- ASSIGNMENT: Take the listing below and print exactly the lines starting at the line containing "Uhr Leggings" and ending at the line containing "From Lecco Railway", both ends included, and no others.

*** Opening GIVEN DATA ***

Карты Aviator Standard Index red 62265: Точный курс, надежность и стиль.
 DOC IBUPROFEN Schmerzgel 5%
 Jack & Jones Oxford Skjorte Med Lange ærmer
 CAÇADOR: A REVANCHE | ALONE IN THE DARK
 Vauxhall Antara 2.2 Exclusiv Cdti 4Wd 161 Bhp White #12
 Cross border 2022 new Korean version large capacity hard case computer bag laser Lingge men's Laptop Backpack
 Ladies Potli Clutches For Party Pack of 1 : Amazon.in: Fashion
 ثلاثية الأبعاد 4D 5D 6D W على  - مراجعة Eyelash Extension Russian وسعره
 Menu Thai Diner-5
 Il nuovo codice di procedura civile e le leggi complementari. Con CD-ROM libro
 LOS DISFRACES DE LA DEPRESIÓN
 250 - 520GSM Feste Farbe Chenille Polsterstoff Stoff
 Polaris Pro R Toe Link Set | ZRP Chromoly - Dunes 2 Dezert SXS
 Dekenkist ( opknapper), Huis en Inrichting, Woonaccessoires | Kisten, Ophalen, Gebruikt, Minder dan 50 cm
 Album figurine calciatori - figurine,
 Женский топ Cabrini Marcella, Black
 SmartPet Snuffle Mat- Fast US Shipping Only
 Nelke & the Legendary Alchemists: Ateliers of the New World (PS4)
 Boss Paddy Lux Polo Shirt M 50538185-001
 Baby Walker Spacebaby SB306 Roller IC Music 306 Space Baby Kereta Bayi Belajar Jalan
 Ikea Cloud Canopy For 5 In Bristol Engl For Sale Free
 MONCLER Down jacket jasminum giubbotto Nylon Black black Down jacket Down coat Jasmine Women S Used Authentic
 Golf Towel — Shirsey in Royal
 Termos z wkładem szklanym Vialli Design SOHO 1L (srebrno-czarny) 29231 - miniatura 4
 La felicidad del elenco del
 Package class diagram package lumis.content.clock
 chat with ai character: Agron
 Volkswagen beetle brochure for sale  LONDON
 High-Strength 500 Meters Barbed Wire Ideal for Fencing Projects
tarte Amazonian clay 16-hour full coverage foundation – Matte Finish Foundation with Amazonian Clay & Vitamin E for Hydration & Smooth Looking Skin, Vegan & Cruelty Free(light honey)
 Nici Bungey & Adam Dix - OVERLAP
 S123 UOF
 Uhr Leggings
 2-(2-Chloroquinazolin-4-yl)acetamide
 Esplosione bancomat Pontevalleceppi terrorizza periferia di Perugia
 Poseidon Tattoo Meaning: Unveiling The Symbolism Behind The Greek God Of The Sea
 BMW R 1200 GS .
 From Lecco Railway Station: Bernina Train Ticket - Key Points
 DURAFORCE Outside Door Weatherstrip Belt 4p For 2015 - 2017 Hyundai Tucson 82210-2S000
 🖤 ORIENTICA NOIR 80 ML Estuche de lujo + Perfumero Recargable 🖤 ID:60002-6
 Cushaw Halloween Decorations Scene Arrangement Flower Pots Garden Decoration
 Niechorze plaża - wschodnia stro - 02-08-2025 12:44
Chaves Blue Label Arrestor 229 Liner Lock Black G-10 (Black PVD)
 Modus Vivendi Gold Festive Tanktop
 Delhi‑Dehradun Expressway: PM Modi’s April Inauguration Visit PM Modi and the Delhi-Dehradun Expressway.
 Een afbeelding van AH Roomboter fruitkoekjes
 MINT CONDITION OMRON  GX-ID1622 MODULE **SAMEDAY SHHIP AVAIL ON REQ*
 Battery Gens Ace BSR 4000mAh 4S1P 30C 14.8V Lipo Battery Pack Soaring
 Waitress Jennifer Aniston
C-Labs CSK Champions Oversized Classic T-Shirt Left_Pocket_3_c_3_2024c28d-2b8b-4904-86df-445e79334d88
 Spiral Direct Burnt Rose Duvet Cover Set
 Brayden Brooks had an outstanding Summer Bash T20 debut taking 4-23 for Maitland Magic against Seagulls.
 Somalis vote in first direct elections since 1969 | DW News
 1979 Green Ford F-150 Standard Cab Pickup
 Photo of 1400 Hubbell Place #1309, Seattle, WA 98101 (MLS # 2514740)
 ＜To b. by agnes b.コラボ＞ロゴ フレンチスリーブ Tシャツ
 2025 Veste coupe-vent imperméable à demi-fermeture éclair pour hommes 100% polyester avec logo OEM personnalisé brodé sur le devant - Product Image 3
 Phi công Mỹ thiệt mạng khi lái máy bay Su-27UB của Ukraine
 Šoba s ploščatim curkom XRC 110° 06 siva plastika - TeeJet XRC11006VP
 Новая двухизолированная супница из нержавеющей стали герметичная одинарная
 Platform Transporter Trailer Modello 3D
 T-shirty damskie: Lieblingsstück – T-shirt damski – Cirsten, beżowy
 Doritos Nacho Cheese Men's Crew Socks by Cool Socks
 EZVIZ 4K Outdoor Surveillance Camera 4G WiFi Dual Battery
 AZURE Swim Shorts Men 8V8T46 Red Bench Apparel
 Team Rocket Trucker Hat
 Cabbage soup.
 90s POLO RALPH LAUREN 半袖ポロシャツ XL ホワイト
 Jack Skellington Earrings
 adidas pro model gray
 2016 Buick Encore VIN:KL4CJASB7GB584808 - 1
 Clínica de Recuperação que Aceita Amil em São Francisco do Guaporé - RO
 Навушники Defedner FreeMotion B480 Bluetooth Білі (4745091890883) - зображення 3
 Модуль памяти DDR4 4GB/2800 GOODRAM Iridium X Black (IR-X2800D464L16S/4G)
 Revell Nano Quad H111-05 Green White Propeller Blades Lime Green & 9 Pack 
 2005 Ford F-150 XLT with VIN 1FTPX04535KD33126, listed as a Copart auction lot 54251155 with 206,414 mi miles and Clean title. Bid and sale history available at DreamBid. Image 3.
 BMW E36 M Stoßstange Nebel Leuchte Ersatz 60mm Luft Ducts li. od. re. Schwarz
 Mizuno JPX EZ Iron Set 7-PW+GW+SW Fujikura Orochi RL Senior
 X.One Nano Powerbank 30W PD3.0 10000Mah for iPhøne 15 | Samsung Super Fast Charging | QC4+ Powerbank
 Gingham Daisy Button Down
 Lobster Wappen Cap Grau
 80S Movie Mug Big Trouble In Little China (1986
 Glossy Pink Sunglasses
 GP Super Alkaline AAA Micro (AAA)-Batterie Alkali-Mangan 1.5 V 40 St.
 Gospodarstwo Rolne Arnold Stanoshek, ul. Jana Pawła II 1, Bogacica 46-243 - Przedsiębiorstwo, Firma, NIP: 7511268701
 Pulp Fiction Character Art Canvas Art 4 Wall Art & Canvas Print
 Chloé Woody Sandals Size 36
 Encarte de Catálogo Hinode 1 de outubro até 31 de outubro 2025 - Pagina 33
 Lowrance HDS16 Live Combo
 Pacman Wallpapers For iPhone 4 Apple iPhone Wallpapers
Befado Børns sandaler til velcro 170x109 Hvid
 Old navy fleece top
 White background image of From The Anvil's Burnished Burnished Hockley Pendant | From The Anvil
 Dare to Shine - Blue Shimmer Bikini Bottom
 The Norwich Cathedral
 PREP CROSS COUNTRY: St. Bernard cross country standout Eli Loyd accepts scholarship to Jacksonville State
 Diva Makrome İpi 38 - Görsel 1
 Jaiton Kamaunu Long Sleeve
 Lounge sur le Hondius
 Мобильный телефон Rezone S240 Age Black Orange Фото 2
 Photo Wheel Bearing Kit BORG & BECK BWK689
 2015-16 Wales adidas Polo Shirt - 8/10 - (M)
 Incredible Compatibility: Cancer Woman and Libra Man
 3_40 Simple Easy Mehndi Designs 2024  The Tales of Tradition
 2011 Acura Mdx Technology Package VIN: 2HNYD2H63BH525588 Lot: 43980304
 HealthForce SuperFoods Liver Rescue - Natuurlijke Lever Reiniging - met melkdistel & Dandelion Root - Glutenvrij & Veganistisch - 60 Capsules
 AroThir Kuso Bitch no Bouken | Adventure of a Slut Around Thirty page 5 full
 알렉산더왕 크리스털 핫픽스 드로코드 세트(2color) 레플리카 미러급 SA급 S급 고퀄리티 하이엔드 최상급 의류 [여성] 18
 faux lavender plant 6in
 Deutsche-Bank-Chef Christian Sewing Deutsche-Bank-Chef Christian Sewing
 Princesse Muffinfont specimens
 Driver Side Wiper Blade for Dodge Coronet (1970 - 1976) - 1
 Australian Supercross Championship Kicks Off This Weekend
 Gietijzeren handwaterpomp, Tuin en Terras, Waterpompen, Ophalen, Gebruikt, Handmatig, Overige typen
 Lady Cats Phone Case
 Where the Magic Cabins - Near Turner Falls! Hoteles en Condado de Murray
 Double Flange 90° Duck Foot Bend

*** Closing GIVEN DATA ***

- TASK OUTPUT:
 Uhr Leggings
 2-(2-Chloroquinazolin-4-yl)acetamide
 Esplosione bancomat Pontevalleceppi terrorizza periferia di Perugia
 Poseidon Tattoo Meaning: Unveiling The Symbolism Behind The Greek God Of The Sea
 BMW R 1200 GS .
 From Lecco Railway Station: Bernina Train Ticket - Key Points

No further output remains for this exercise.